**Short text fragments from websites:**
################

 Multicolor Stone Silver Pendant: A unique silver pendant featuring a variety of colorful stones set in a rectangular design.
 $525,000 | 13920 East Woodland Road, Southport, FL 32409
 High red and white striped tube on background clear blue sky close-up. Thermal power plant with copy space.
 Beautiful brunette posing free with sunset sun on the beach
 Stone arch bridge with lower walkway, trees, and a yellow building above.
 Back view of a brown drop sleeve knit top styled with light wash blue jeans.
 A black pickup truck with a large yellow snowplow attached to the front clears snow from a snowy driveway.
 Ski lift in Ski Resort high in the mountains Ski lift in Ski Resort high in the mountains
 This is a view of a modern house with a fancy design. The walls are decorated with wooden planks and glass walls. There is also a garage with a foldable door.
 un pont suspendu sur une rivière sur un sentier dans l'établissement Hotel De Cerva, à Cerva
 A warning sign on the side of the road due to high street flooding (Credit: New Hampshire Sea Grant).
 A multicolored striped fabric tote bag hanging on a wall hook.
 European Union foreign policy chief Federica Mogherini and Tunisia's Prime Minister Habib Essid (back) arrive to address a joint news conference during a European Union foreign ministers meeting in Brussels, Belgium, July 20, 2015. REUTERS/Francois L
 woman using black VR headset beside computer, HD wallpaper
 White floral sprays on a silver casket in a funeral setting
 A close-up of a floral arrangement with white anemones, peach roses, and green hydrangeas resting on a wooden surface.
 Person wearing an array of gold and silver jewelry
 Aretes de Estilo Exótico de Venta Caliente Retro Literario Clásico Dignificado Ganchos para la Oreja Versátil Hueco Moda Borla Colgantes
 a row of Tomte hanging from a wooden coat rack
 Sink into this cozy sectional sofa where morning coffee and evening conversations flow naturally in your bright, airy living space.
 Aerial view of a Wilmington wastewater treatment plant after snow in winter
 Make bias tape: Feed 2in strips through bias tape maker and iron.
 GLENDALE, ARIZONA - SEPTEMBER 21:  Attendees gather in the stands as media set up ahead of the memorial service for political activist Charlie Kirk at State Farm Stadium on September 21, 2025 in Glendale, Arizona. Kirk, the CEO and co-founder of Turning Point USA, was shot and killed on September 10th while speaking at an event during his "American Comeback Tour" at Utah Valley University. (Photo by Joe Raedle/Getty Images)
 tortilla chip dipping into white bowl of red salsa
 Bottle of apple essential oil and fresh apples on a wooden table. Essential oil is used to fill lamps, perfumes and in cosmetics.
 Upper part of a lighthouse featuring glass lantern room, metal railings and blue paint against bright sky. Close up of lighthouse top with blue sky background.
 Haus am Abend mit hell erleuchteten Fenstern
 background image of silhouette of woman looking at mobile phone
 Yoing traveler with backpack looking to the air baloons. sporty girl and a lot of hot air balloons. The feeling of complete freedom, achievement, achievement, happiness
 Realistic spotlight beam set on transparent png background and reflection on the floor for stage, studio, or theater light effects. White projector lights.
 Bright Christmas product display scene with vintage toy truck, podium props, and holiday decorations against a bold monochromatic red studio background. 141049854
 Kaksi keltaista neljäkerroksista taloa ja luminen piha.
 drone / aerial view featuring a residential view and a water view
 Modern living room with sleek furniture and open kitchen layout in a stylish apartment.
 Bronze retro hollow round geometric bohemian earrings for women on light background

################

**What the task requires:** Retype each entry exactly, leaving none of them out.

**Expected answer:**
 Multicolor Stone Silver Pendant: A unique silver pendant featuring a variety of colorful stones set in a rectangular design.
 $525,000 | 13920 East Woodland Road, Southport, FL 32409
 High red and white striped tube on background clear blue sky close-up. Thermal power plant with copy space.
 Beautiful brunette posing free with sunset sun on the beach
 Stone arch bridge with lower walkway, trees, and a yellow building above.
 Back view of a brown drop sleeve knit top styled with light wash blue jeans.
 A black pickup truck with a large yellow snowplow attached to the front clears snow from a snowy driveway.
 Ski lift in Ski Resort high in the mountains Ski lift in Ski Resort high in the mountains
 This is a view of a modern house with a fancy design. The walls are decorated with wooden planks and glass walls. There is also a garage with a foldable door.
 un pont suspendu sur une rivière sur un sentier dans l'établissement Hotel De Cerva, à Cerva
 A warning sign on the side of the road due to high street flooding (Credit: New Hampshire Sea Grant).
 A multicolored striped fabric tote bag hanging on a wall hook.
 European Union foreign policy chief Federica Mogherini and Tunisia's Prime Minister Habib Essid (back) arrive to address a joint news conference during a European Union foreign ministers meeting in Brussels, Belgium, July 20, 2015. REUTERS/Francois L
 woman using black VR headset beside computer, HD wallpaper
 White floral sprays on a silver casket in a funeral setting
 A close-up of a floral arrangement with white anemones, peach roses, and green hydrangeas resting on a wooden surface.
 Person wearing an array of gold and silver jewelry
 Aretes de Estilo Exótico de Venta Caliente Retro Literario Clásico Dignificado Ganchos para la Oreja Versátil Hueco Moda Borla Colgantes
 a row of Tomte hanging from a wooden coat rack
 Sink into this cozy sectional sofa where morning coffee and evening conversations flow naturally in your bright, airy living space.
 Aerial view of a Wilmington wastewater treatment plant after snow in winter
 Make bias tape: Feed 2in strips through bias tape maker and iron.
 GLENDALE, ARIZONA - SEPTEMBER 21:  Attendees gather in the stands as media set up ahead of the memorial service for political activist Charlie Kirk at State Farm Stadium on September 21, 2025 in Glendale, Arizona. Kirk, the CEO and co-founder of Turning Point USA, was shot and killed on September 10th while speaking at an event during his "American Comeback Tour" at Utah Valley University. (Photo by Joe Raedle/Getty Images)
 tortilla chip dipping into white bowl of red salsa
 Bottle of apple essential oil and fresh apples on a wooden table. Essential oil is used to fill lamps, perfumes and in cosmetics.
 Upper part of a lighthouse featuring glass lantern room, metal railings and blue paint against bright sky. Close up of lighthouse top with blue sky background.
 Haus am Abend mit hell erleuchteten Fenstern
 background image of silhouette of woman looking at mobile phone
 Yoing traveler with backpack looking to the air baloons. sporty girl and a lot of hot air balloons. The feeling of complete freedom, achievement, achievement, happiness
 Realistic spotlight beam set on transparent png background and reflection on the floor for stage, studio, or theater light effects. White projector lights.
 Bright Christmas product display scene with vintage toy truck, podium props, and holiday decorations against a bold monochromatic red studio background. 141049854
 Kaksi keltaista neljäkerroksista taloa ja luminen piha.
 drone / aerial view featuring a residential view and a water view
 Modern living room with sleek furniture and open kitchen layout in a stylish apartment.
 Bronze retro hollow round geometric bohemian earrings for women on light background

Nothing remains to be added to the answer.